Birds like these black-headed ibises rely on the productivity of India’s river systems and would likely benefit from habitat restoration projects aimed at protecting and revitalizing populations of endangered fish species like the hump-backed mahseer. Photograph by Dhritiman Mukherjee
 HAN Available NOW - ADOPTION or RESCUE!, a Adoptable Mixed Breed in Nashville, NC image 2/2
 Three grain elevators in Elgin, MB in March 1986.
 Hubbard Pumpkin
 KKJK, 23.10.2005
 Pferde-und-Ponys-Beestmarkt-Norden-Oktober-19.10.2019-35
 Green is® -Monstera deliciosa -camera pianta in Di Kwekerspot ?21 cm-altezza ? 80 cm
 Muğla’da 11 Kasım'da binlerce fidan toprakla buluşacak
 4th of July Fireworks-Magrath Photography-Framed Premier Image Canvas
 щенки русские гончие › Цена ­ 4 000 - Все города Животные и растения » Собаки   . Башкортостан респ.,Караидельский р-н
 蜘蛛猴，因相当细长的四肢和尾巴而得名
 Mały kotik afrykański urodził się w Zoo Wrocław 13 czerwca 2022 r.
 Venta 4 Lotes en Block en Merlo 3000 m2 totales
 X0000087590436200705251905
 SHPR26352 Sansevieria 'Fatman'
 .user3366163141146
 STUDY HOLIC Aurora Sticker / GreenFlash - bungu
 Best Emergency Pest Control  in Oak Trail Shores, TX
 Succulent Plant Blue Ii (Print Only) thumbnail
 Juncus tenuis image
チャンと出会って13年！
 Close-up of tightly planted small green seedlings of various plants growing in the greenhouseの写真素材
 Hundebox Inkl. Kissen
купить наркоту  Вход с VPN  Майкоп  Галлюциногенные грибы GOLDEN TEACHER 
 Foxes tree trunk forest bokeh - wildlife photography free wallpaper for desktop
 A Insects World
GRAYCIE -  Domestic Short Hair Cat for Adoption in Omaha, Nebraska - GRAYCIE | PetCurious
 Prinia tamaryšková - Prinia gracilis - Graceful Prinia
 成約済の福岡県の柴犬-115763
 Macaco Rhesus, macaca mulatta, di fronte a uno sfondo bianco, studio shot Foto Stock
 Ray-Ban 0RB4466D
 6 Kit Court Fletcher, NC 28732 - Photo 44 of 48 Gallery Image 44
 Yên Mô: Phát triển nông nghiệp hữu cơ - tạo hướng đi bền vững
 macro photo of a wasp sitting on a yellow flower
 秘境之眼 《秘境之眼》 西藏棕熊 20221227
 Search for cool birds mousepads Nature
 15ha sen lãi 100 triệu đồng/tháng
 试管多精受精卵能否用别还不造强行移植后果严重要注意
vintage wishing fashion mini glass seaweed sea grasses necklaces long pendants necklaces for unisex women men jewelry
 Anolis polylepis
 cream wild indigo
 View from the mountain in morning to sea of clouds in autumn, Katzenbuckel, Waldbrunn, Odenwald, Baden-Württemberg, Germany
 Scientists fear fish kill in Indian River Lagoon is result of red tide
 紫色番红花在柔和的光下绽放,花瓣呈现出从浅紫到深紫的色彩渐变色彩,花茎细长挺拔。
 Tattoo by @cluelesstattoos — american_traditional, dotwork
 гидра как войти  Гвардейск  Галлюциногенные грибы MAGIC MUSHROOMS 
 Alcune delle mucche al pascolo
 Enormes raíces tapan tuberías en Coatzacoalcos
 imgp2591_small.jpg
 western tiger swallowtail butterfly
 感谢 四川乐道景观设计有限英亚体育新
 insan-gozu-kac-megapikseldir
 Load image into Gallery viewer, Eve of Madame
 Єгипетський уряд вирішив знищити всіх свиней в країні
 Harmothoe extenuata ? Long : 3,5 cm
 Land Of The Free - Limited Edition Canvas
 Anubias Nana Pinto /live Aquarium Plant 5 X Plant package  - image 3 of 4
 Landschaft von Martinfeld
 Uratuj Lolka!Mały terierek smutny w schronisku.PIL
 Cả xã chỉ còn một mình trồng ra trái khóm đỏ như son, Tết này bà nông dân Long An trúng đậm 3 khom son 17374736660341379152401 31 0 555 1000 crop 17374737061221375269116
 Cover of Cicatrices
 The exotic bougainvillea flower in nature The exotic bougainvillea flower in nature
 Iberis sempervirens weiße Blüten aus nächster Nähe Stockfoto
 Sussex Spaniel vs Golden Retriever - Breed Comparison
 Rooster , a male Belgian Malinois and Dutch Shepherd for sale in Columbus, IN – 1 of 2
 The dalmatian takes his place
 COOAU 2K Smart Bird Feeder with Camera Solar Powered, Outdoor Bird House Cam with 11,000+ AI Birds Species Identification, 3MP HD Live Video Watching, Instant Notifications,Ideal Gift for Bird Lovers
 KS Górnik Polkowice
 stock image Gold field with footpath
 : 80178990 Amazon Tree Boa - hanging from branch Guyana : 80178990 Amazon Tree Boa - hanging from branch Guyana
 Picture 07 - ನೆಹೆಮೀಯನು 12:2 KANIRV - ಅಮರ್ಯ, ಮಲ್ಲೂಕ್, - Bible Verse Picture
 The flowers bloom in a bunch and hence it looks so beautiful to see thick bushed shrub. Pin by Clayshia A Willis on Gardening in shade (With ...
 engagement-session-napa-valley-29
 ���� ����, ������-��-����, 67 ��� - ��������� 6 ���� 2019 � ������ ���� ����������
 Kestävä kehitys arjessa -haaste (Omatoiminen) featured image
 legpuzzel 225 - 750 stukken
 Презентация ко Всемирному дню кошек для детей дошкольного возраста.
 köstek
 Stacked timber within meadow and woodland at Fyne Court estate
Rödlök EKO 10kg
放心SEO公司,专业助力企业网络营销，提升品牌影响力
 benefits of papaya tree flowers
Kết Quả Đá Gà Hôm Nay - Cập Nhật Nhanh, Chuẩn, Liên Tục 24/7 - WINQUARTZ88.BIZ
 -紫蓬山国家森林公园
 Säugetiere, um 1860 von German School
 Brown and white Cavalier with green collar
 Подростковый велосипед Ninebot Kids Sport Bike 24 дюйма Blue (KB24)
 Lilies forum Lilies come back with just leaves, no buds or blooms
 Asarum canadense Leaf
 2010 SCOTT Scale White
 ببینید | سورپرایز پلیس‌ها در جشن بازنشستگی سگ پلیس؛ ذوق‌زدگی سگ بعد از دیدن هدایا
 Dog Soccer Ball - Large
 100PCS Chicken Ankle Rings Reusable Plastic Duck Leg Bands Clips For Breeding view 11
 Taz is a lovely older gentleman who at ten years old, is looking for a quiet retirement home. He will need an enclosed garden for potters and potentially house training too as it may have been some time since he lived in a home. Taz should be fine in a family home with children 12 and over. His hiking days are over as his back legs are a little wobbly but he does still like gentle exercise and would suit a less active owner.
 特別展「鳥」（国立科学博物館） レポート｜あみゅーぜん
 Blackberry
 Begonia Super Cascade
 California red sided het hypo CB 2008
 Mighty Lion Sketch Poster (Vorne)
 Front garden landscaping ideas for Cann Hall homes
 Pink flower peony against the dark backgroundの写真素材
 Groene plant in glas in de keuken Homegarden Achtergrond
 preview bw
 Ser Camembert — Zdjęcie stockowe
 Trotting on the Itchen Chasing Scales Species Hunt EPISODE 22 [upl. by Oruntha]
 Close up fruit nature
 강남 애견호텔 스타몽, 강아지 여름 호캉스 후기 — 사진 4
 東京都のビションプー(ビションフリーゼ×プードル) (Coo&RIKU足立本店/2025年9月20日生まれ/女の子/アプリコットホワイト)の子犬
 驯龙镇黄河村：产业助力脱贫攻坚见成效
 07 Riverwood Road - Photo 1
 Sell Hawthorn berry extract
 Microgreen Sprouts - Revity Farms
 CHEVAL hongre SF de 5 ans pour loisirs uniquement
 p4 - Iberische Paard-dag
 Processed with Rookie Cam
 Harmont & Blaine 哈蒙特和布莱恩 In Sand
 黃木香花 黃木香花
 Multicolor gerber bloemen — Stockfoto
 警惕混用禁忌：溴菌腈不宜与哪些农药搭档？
———
> **What you have to do**
Transcribe the records above from the line holding "Pferde-und-Ponys-Beestmarkt-Norden-Oktober-19.10.2019-35" down to the line holding "4th of July", inclusive, without adding anything.

> **Written reply**
 Pferde-und-Ponys-Beestmarkt-Norden-Oktober-19.10.2019-35
 Green is® -Monstera deliciosa -camera pianta in Di Kwekerspot ?21 cm-altezza ? 80 cm
 Muğla’da 11 Kasım'da binlerce fidan toprakla buluşacak
 4th of July Fireworks-Magrath Photography-Framed Premier Image Canvas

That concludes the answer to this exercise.